▸ **WORK INSTRUCTIONS**: Only an exact copy is wanted: the lines from the one holding "2023 Chrysler Pacifica Limited - Photo 14" through the last line below, minus the pictures.

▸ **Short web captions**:
_ _ _ _

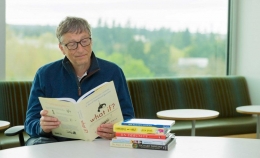 Bill Gates saat sedang membaca buku (Sumber: duniaperpustakaan.com)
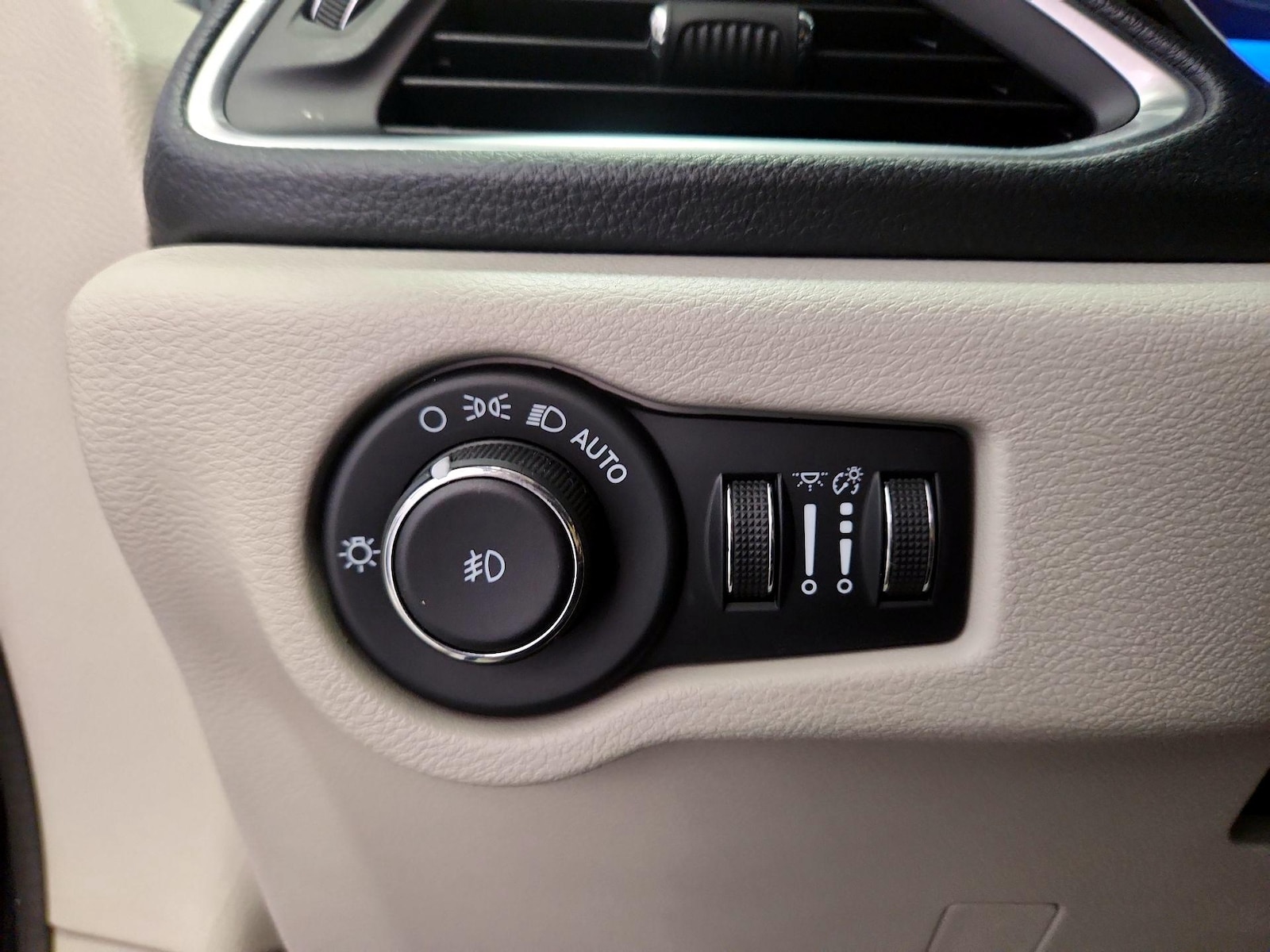 2023 Chrysler Pacifica Limited - Photo 14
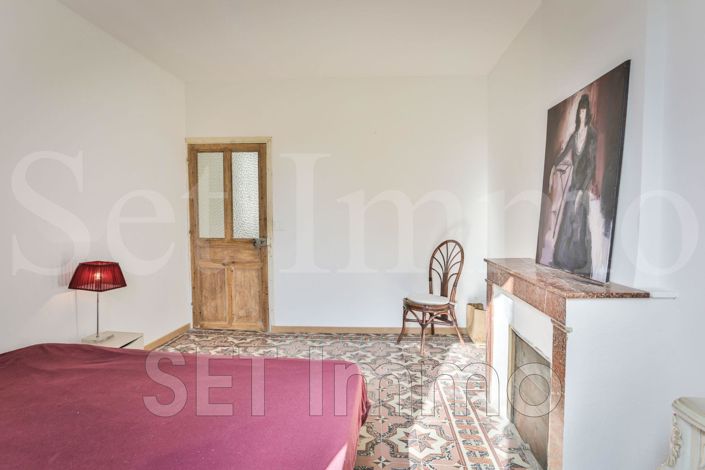 Image No.16-4 Bed House for sale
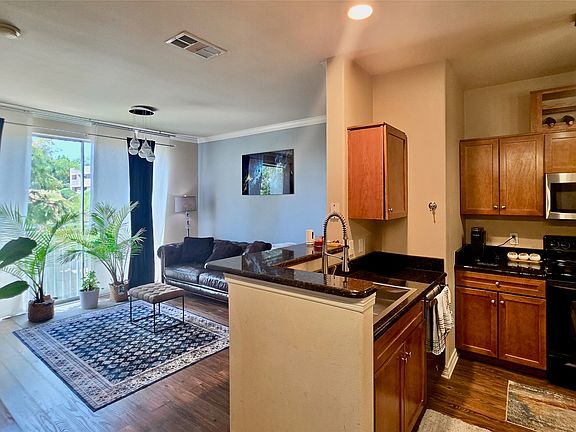 5th image of 330 Las Colinas Blvd #232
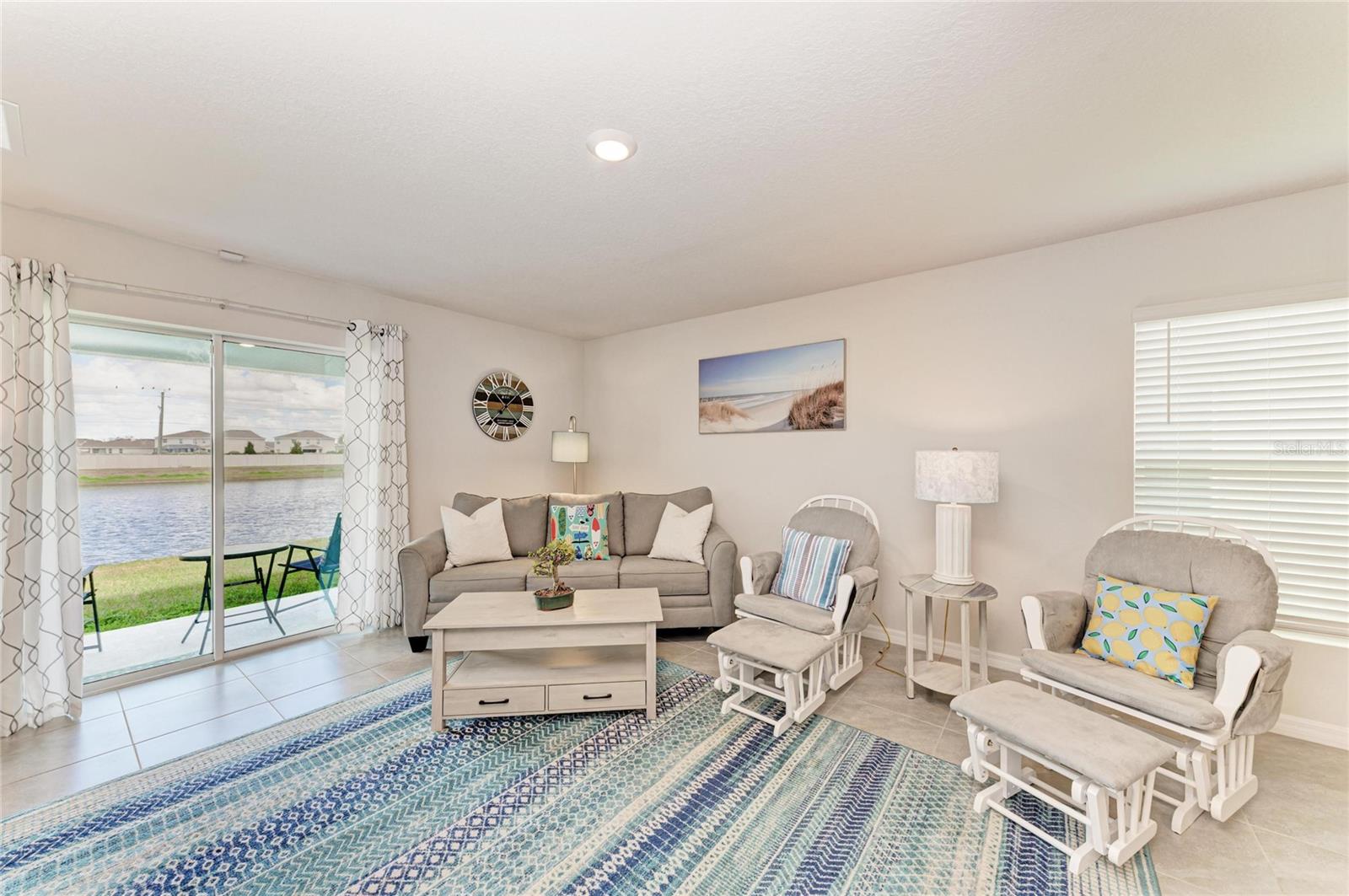 3915 DIRECT GREEN PL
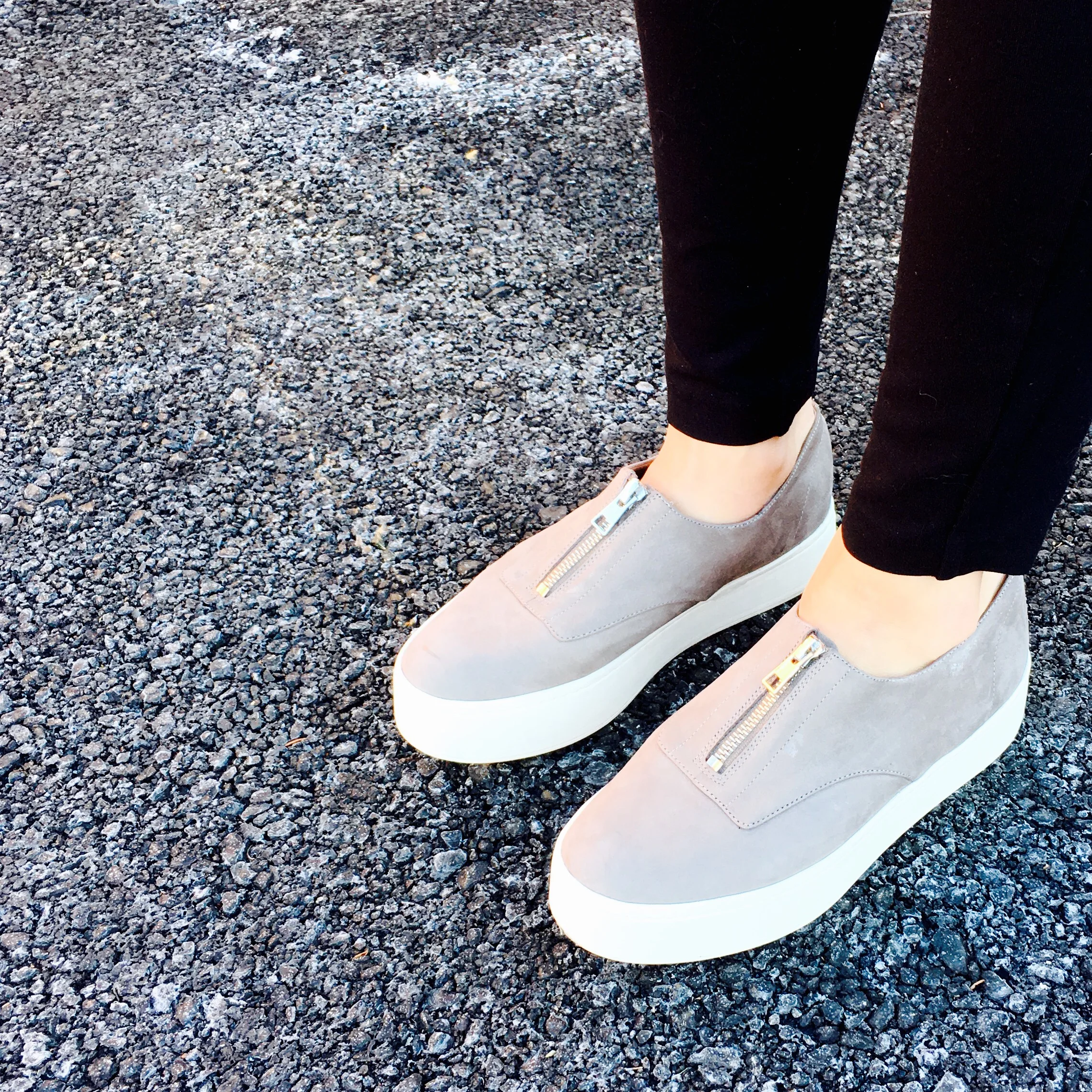 SLIP ON SNEAKERS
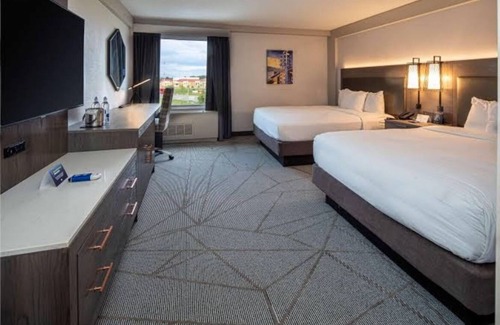 Moon Township House | DoubleTree by Hilton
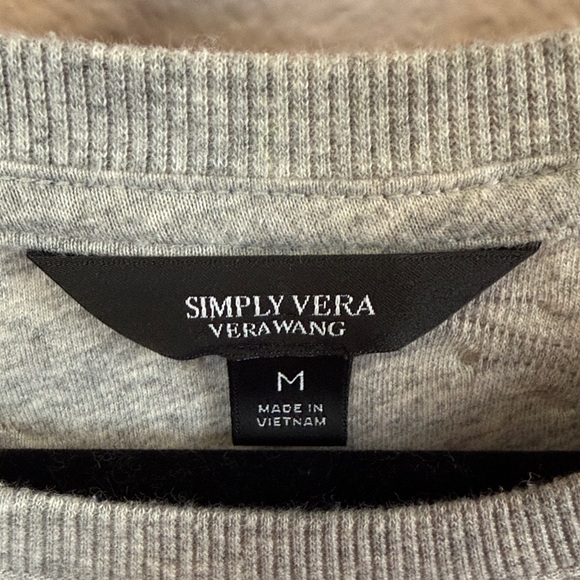 Simply Vera Vera Wang Light Gray Knit Top - Picture 2 of 5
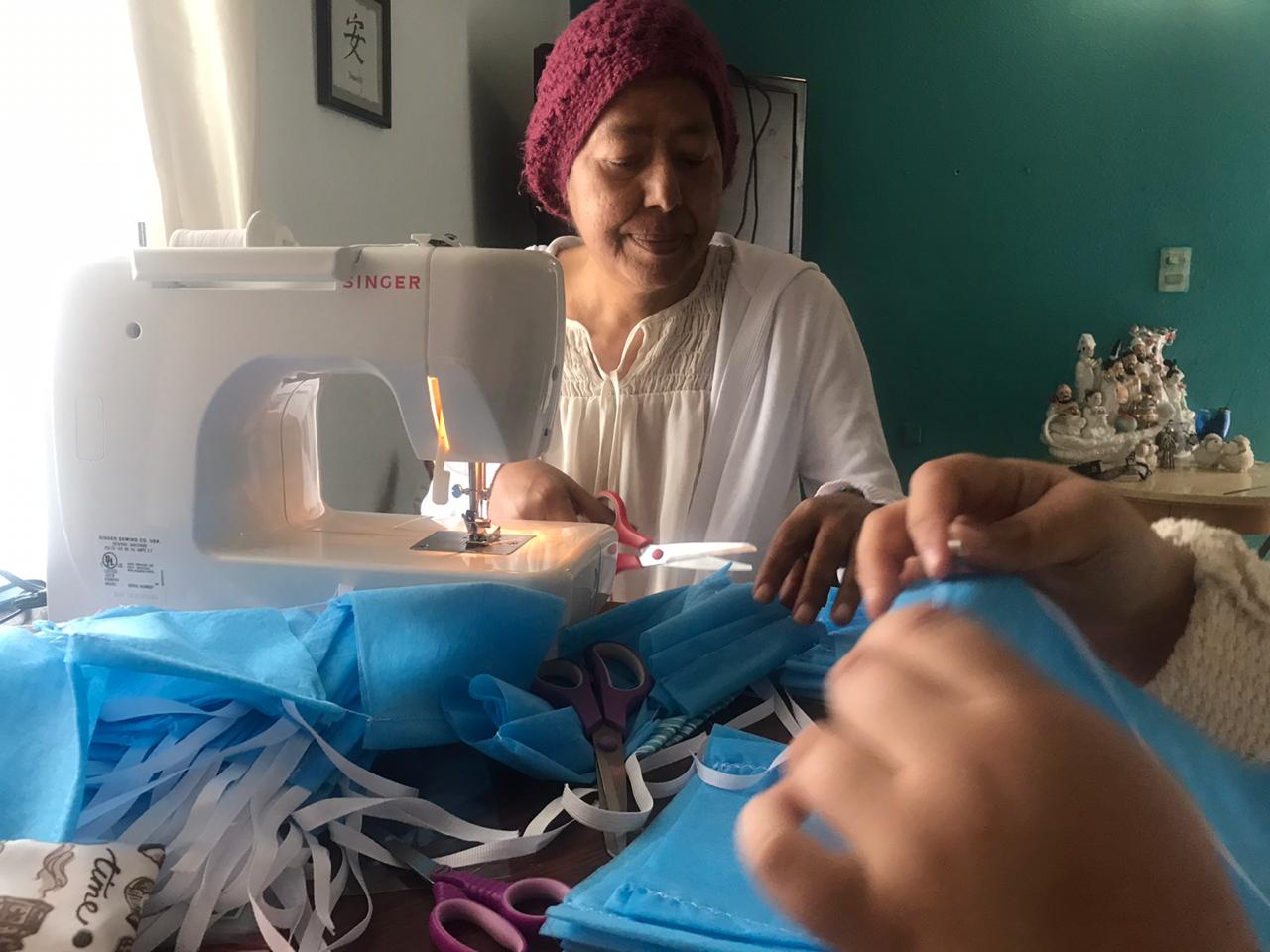 Costureras en Tijuana realizan cubre bocas en equipo para donar a equipos de salud.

_ _ _ _

▸ **ANSWER SECTION**:
 2023 Chrysler Pacifica Limited - Photo 14
 Image No.16-4 Bed House for sale
 5th image of 330 Las Colinas Blvd #232
 3915 DIRECT GREEN PL
 SLIP ON SNEAKERS
 Moon Township House | DoubleTree by Hilton
 Simply Vera Vera Wang Light Gray Knit Top - Picture 2 of 5
 Costureras en Tijuana realizan cubre bocas en equipo para donar a equipos de salud.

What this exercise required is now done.